Something deliberately fraudulent is simply theft. As we’ve discussed in the thread, cybersecurity and authorization procedures are a valid concern when remote control of fully autonomous vehicles is widely available. But this has nothing to do with the narrow repossession issue. All owners will want the remote control feature to be enabled for their own use, to tell their car to pick them up at the airport, or to go and pick the kids up at school. So owner remote control will need to be secure from theft.

The issue is erroneous repossession. And this problem derives principally from the antagonistic situation where the repo guy needs to be secretive about repossessions. But if you cannot abscond and hide an autonomous vehicle, this removes any incentive for the lender not be completely open in contacting you multiple times to warn you, including sending reminders direct to the car. A repo guy will certainly not warn you at the last minute, but for people in financial difficulty, last minute warnings may elicit payment. So this may also reduce the number of valid reposessions that could have been avoided with a last minute payment. No lender wants to carry out more repossessions if they can be avoided, it costs time and money, and with erroneous repossessions potentially a lot of money in lawsuits.

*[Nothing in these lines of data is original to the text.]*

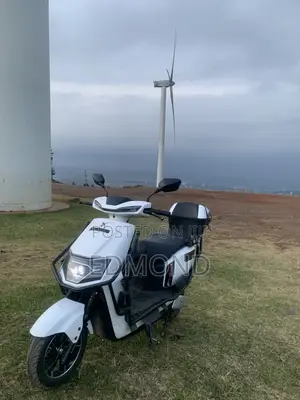 Motorcycle 2025 White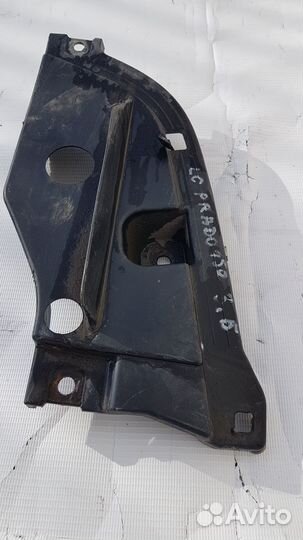 Правый пыльник заднего бампера prado 150 прадо 150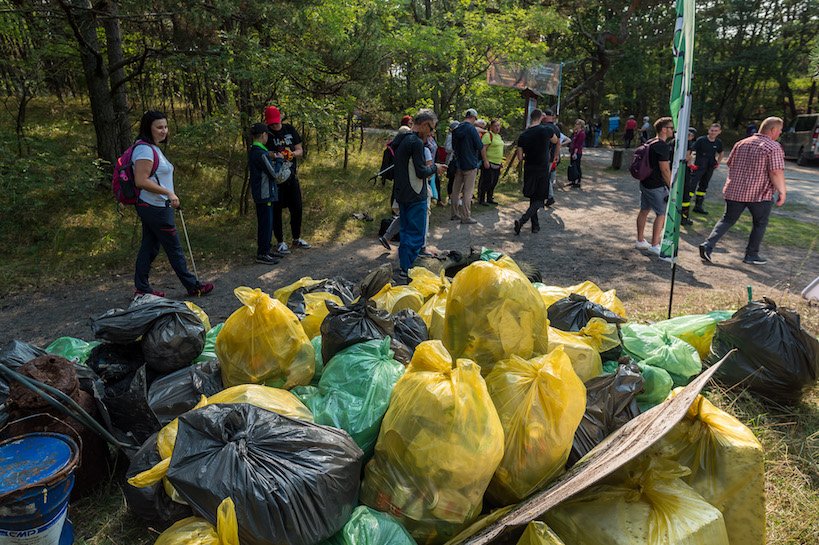  Z Helskich plaż usunięto niemal tonę śmieci!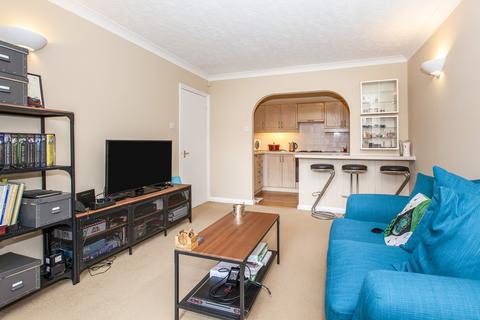 1 bedroom flat to rent, St Michaels Court, Princes Road, Weybridge, KT13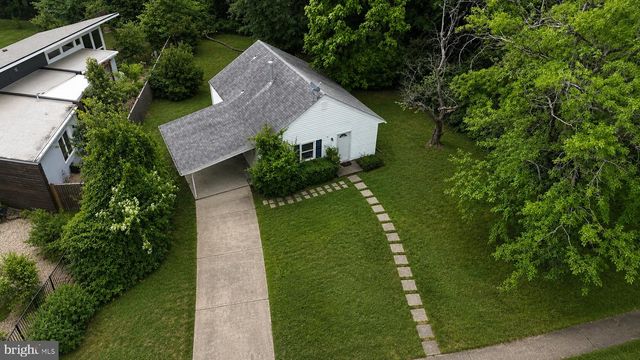 2155 PIMMIT DR, Falls Church, VA 22043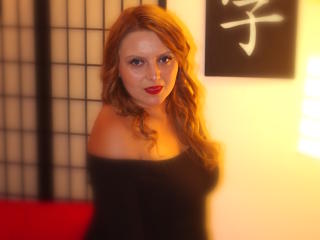 LuciaLue - online chat x with this White Young lady 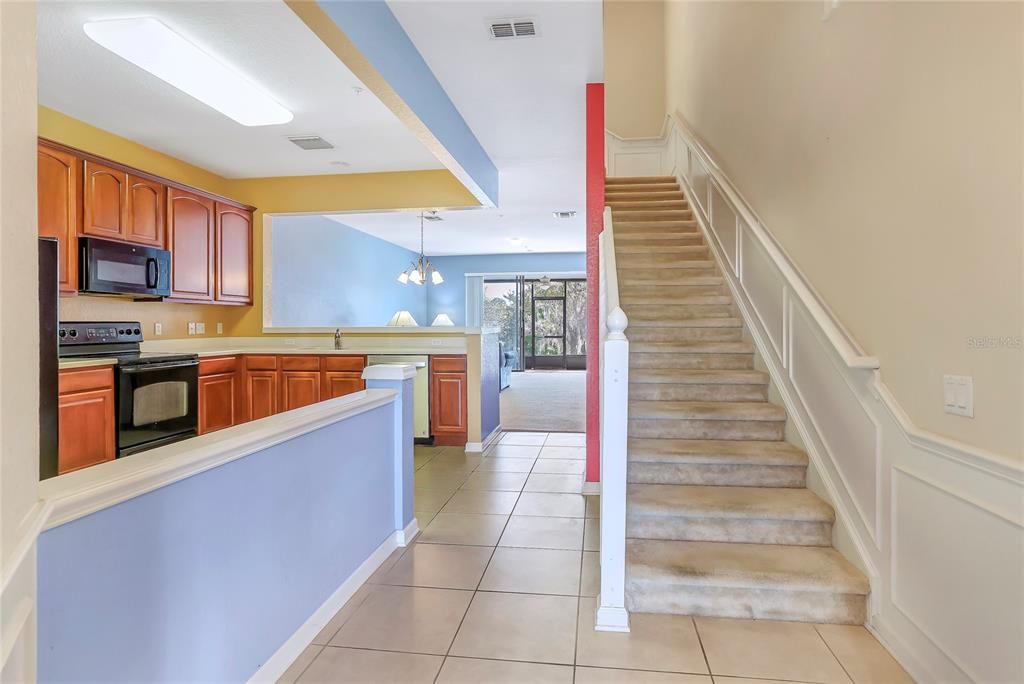 For Sale: $305,000 (3 beds, 2 baths, 1682 Square Feet)
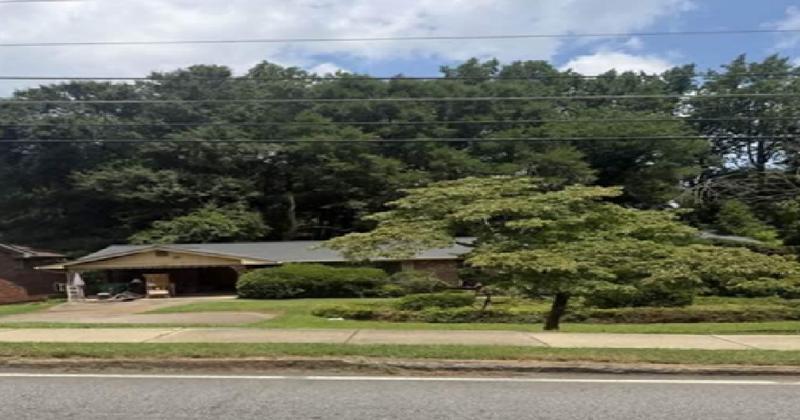Rainbow Dr, Decatur, GA 30034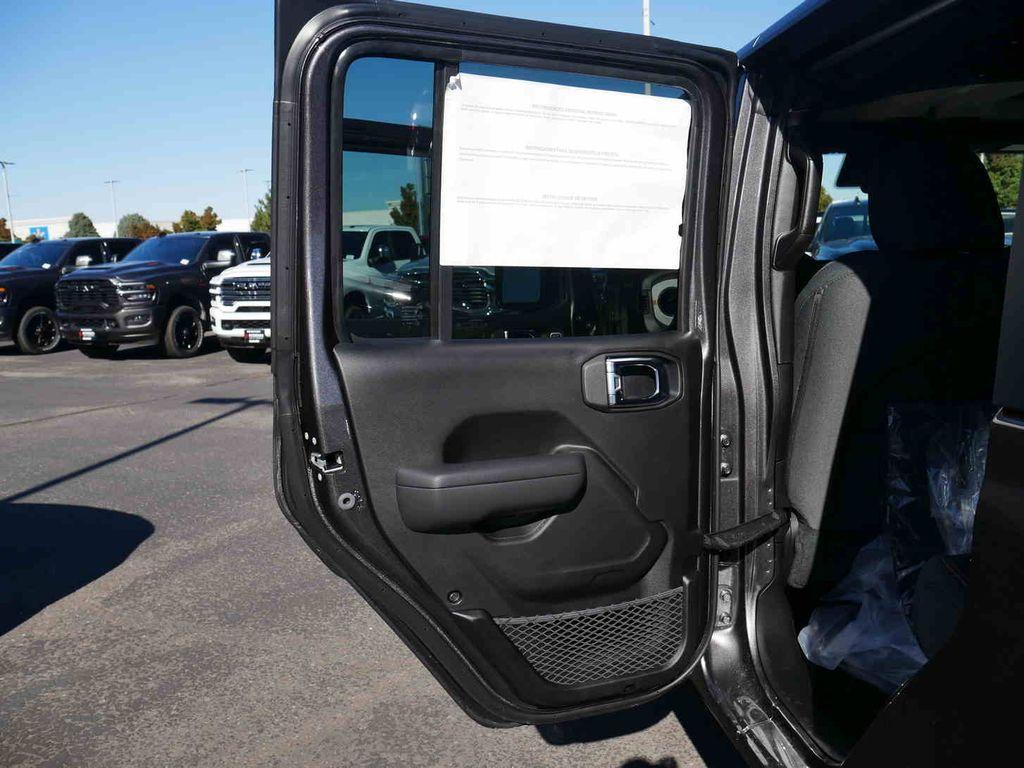 new 2025 Jeep Gladiator car, priced at $38,430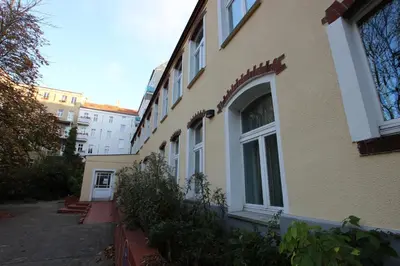 Das Gebäude in dem sich das Hotel befindet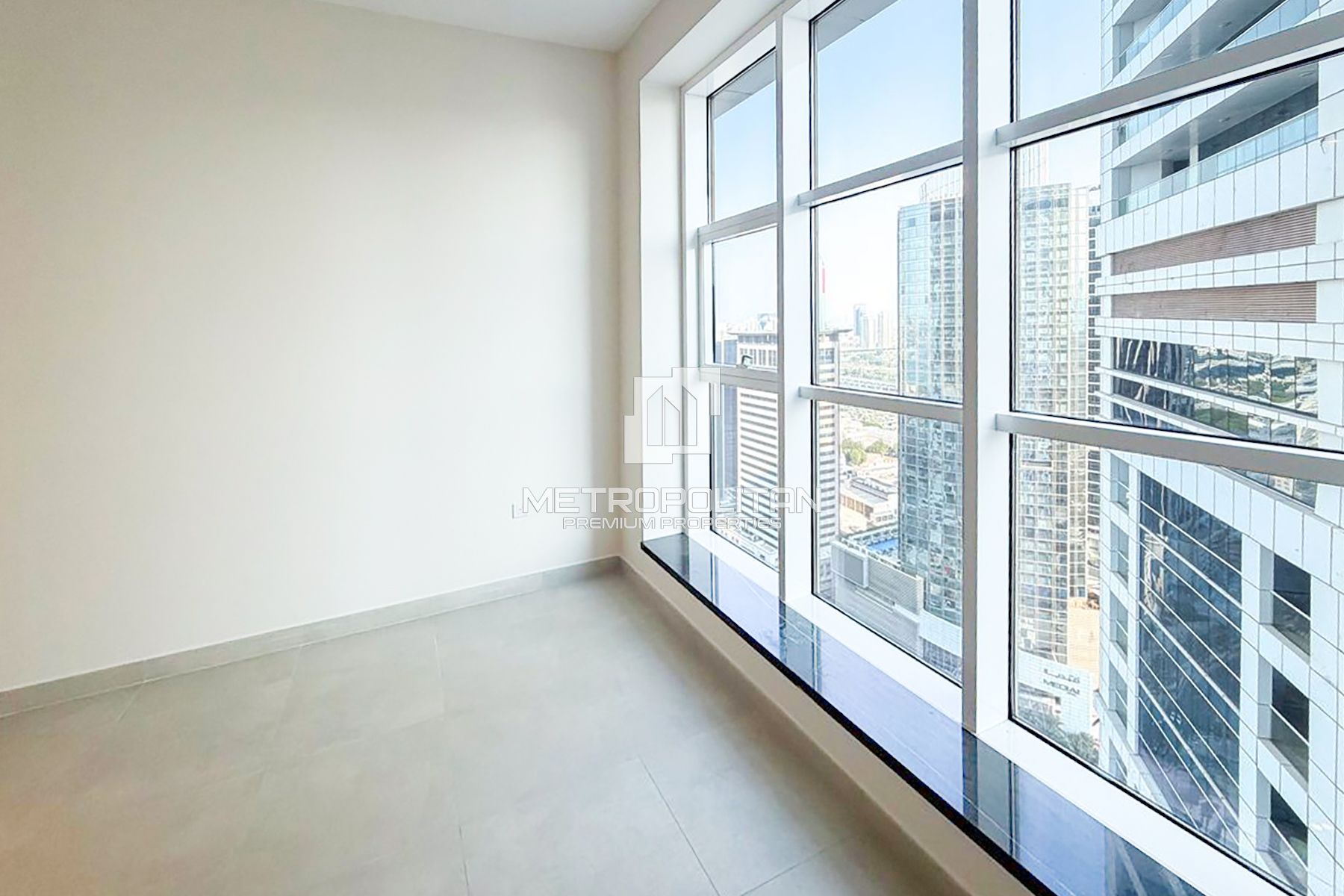 Image - Marina Arcade Tower, Dubai Marina, Дубай | Project - Апартаменты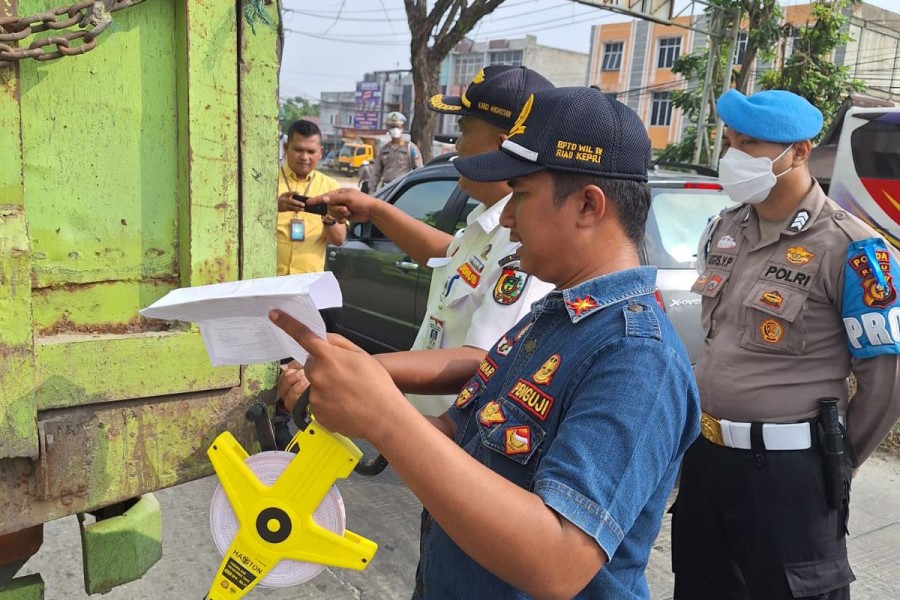 56 Pengendara Terjaring Operasi Patuh di Pekanbaru, Mayoritas Langgar Muatan Barang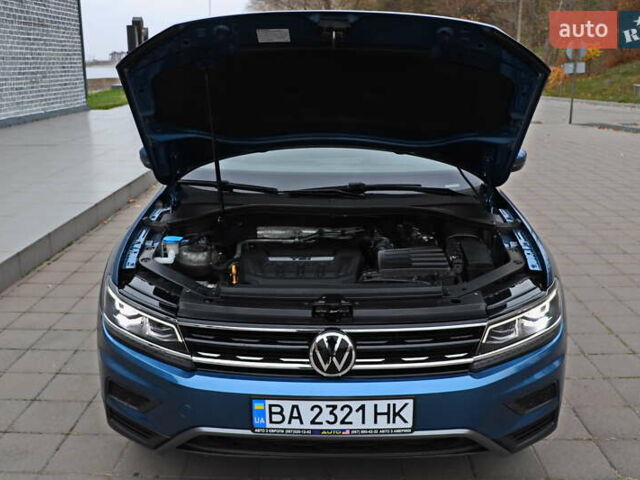 Синий Фольксваген Тигуан, объемом двигателя 2 л и пробегом 149 тыс. км за 18555 $, фото 28 на Automoto.ua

Not if the car is fitted with a ‘steer by wire’ system, i.e. no mechanical linkage between the steering wheel and the front wheels. The software could then disable the steering wheel and steer the front wheels by controlling the electric motors inherent in such systems. Very few cars have this at the moment but my guess is more are likely in the future.

Yes, when cars are fully autonomous, the manual steering wheel will surely be something that not only isn’t moving around, but also folds out of the way.

Couldn’t a system like this totally end the problem of dangerous police car pursuits? The cops spot your getaway car (or stolen car, or car hijacked with a kid in the back seat, whatever) do some sort of override procedure and order the car to pull over and park itself.

They’ve been working on this kind of technology even before the advent of autonomous vehicles:

I kind of agree, except there would still be a concern that the soon-to-be ex-owners might trash the car.

I think it’s a moot point though. Once there are fully autonomous vehicles most people won’t own one.

If (I’m not optimistic enough to see it as when) cars are ever fully autonomous, I’d hope the licensing structure changes such that the vast majority of people aren’t allowed to use the steering wheel. The current system, where we let everyone except the top 0.1% of reckless idiots drive a car with basically no enforcement of safety rules, is not necessary in a system where you can summon a car with the push of a button. Driving would ideally become a serious professional qualification, with continuing education requirements and strict enforcement of even the most minor violations.

Yes, no doubt pretty soon after fully autonomous driving there won’t be any steering wheels at all. A failure of the autonomous driving system would result in a tow, just like any other mechanical failure. And we won’t be waiting around for the tow. As @CaveMike says, private car ownership will plummet except perhaps in remote areas. We’ll just be summoning the nearest vehicle.